#### WHAT TO DO:
Please repeat every record exactly, leaving out any pictures.

#### INPUT MATERIAL:
------------------------------------
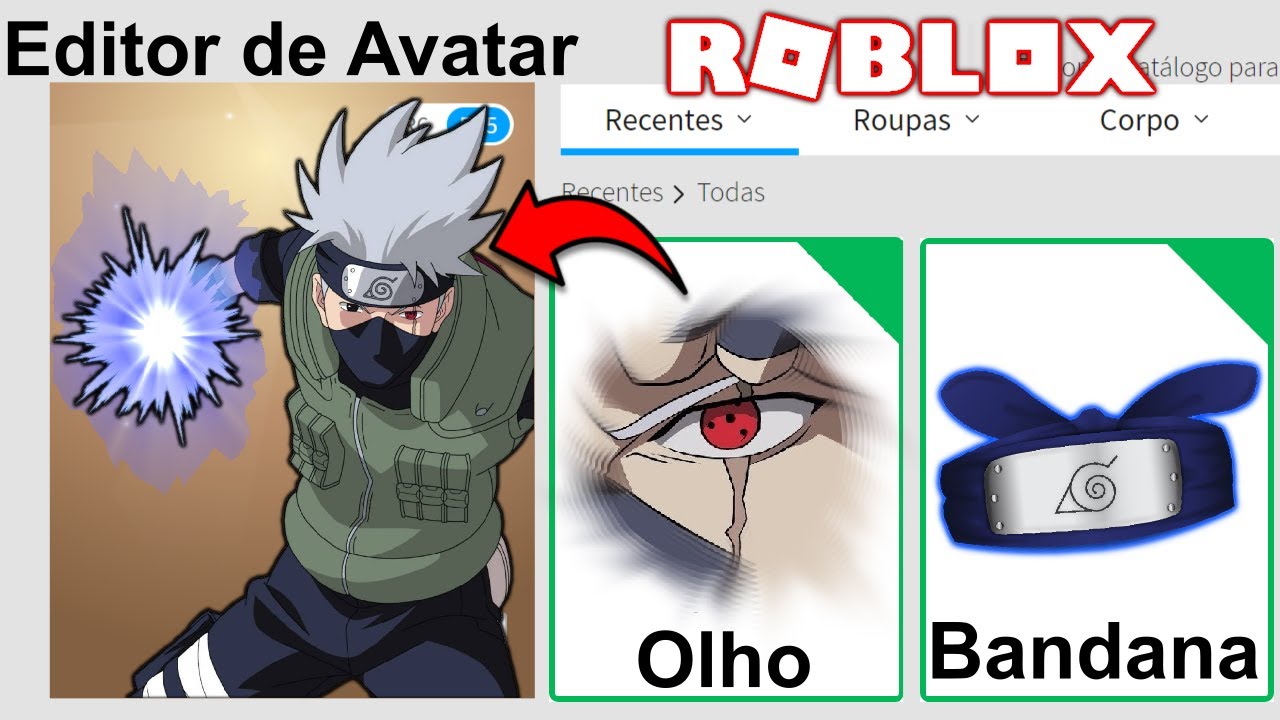 Perfil Do Kakashi Naruto Roblox Roblox Avatar Youtube - como fazer um avatar com pouco robux xmarcelo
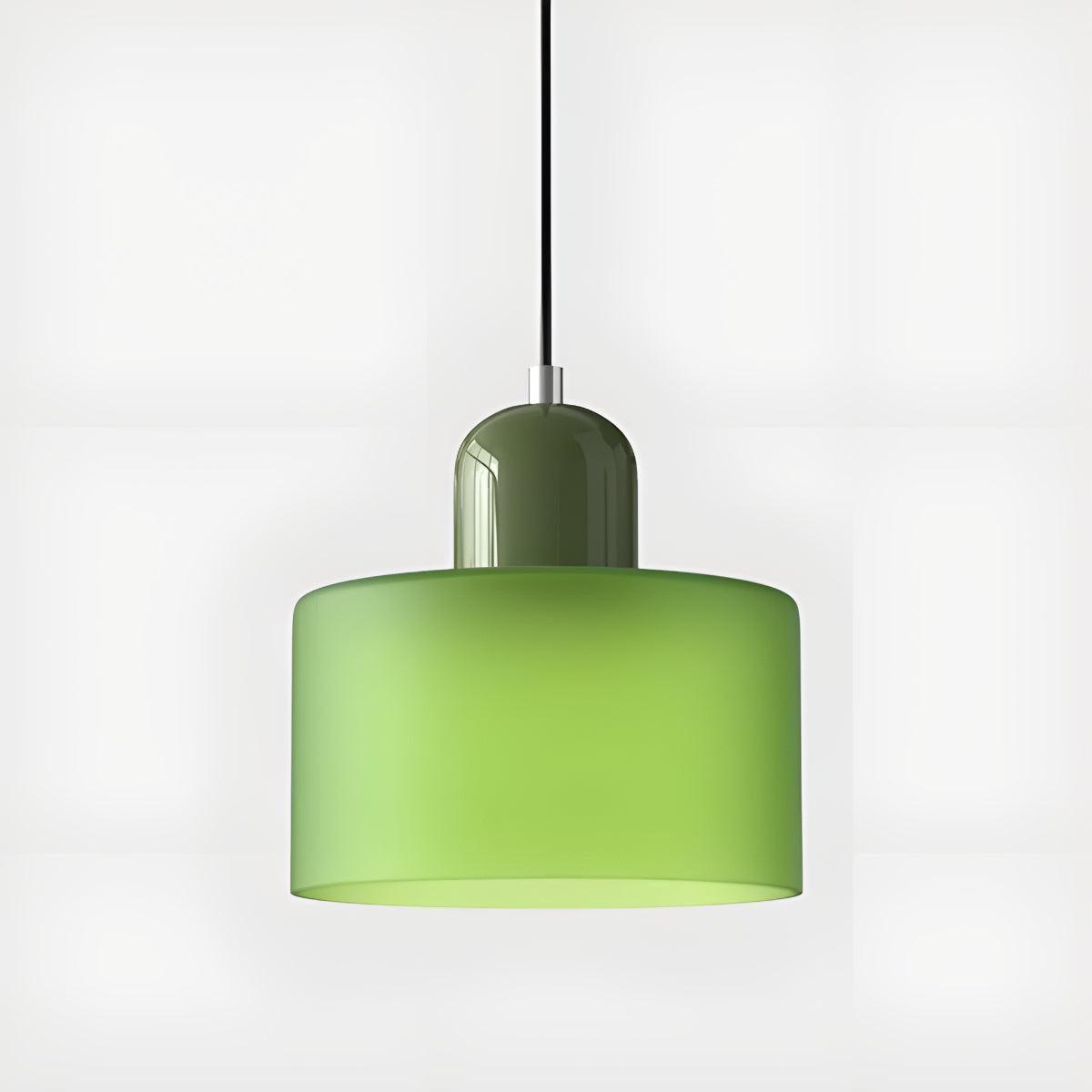 Bauhaus Styled Pendant Lighting With Decorative Hanging Glass Shade
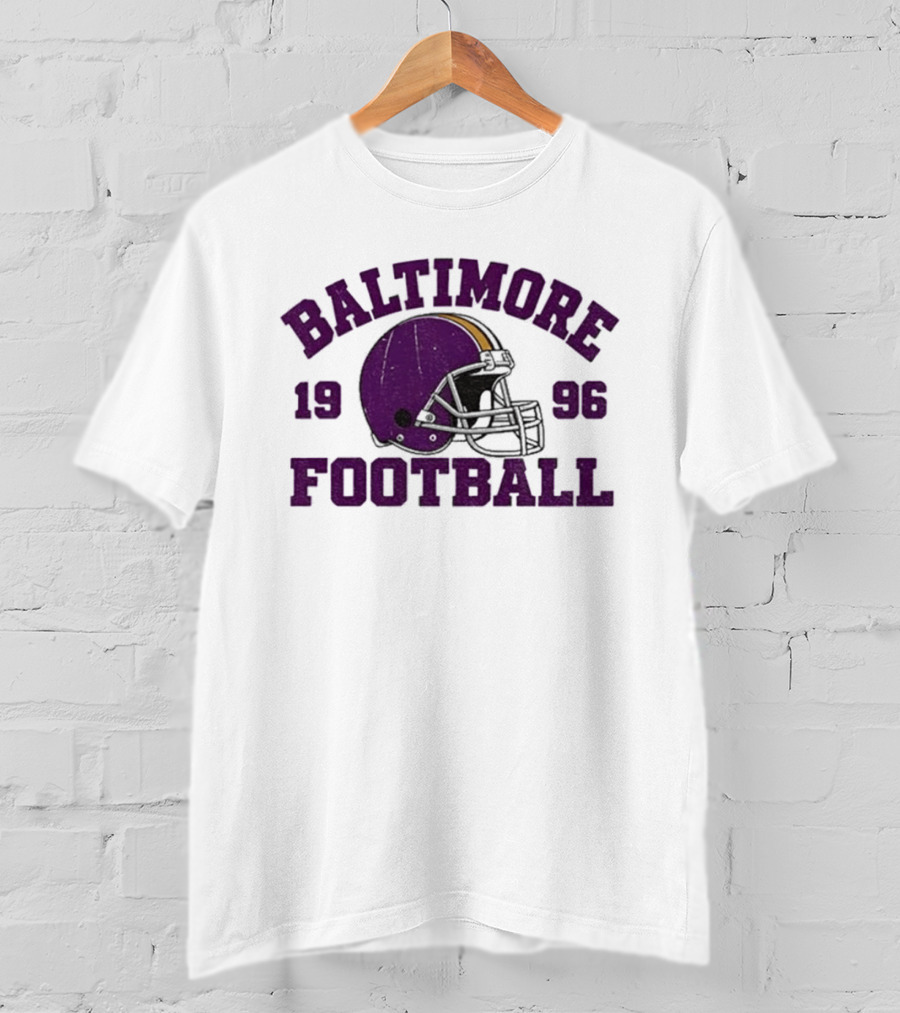 Baltimore Football 1996 Purple Helmet T-Shirt
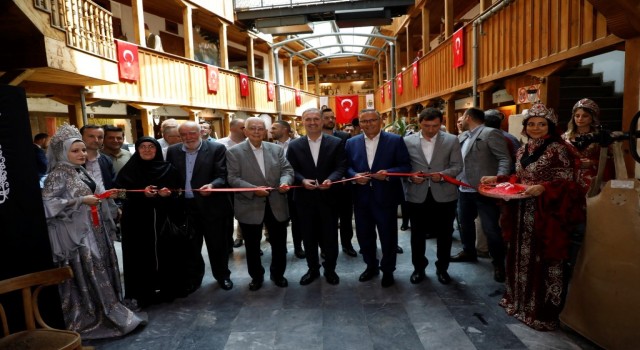 İnegölde Düğün Kültürü Sergisi açıldı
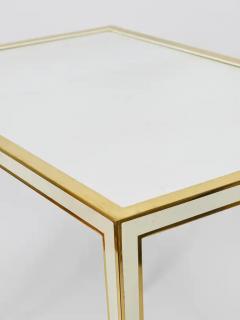  Vereinigte Werkst tten F r Kunst Im Handwerk A Pair of Vereinigte Werkst tten Brass White Mirror Tables Germany 1970s - 4068383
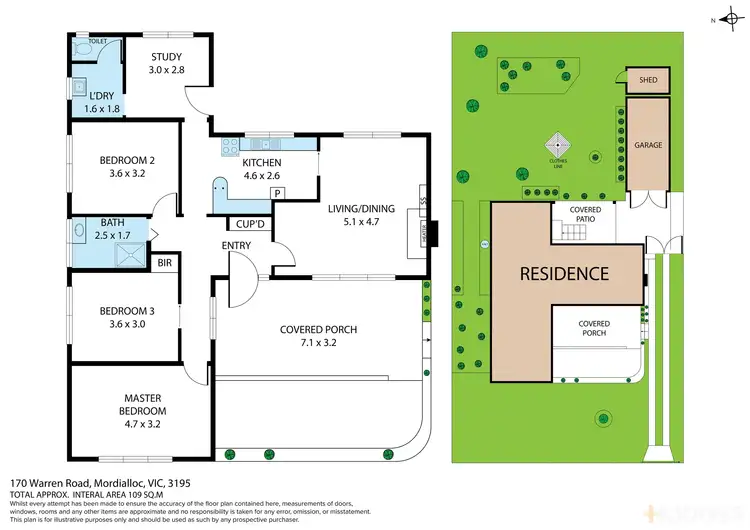Floorplan of Homely house listing, 170 Warren Road, Mordialloc VIC 3195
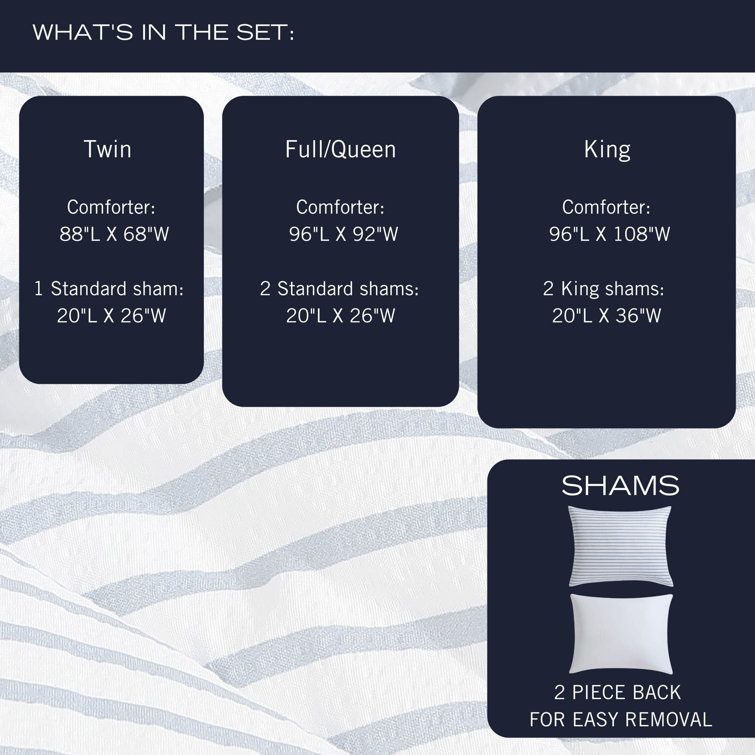 King Navy Dusk Reversible Microfiber Comforter Set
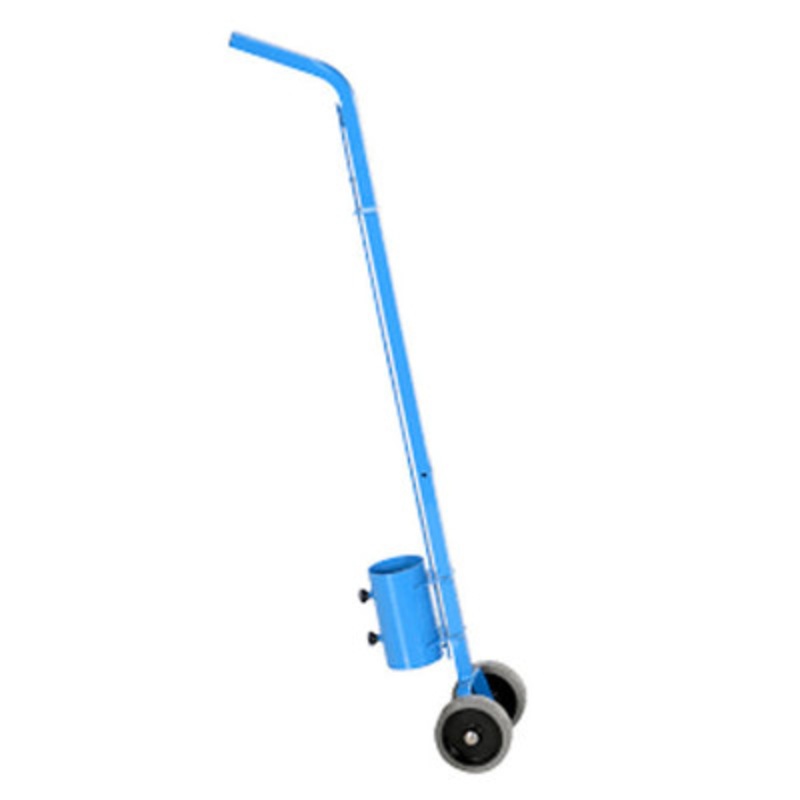 Steel Handheld Wand Line Mark Applicator with Wheels,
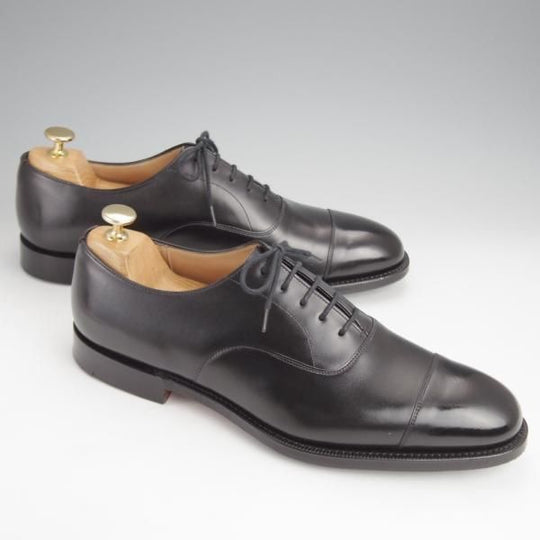 極美品★チャーチ 85F/UK8.5【定価￥176,000-★コンサル/CONSUL】173ラスト/ストレートチップ/カーフ/黒/メンズ/Church's★j503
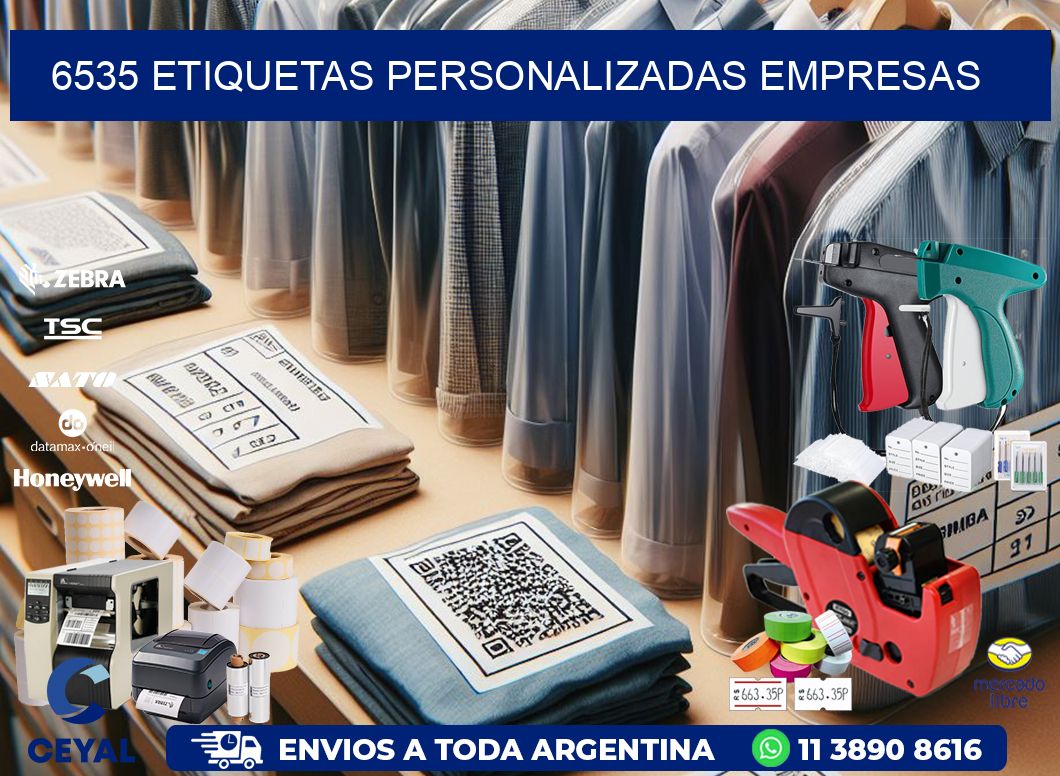 6535 Etiquetas personalizadas empresas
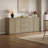 89.67" Bohemian-inspired Sideboard With Adjustable Shelves-410830303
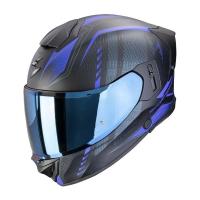 Scorpion Exo Мотошлем Exo-530 Air Theras Черный Матовый/Синий в Рязани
------------------------------------
#### ANSWER AREA:
 Perfil Do Kakashi Naruto Roblox Roblox Avatar Youtube - como fazer um avatar com pouco robux xmarcelo
 Bauhaus Styled Pendant Lighting With Decorative Hanging Glass Shade
 Baltimore Football 1996 Purple Helmet T-Shirt
 İnegölde Düğün Kültürü Sergisi açıldı
  Vereinigte Werkst tten F r Kunst Im Handwerk A Pair of Vereinigte Werkst tten Brass White Mirror Tables Germany 1970s - 4068383
Floorplan of Homely house listing, 170 Warren Road, Mordialloc VIC 3195
 King Navy Dusk Reversible Microfiber Comforter Set
 Steel Handheld Wand Line Mark Applicator with Wheels,
 極美品★チャーチ 85F/UK8.5【定価￥176,000-★コンサル/CONSUL】173ラスト/ストレートチップ/カーフ/黒/メンズ/Church's★j503
 6535 Etiquetas personalizadas empresas
 89.67" Bohemian-inspired Sideboard With Adjustable Shelves-410830303
 Scorpion Exo Мотошлем Exo-530 Air Theras Черный Матовый/Синий в Рязани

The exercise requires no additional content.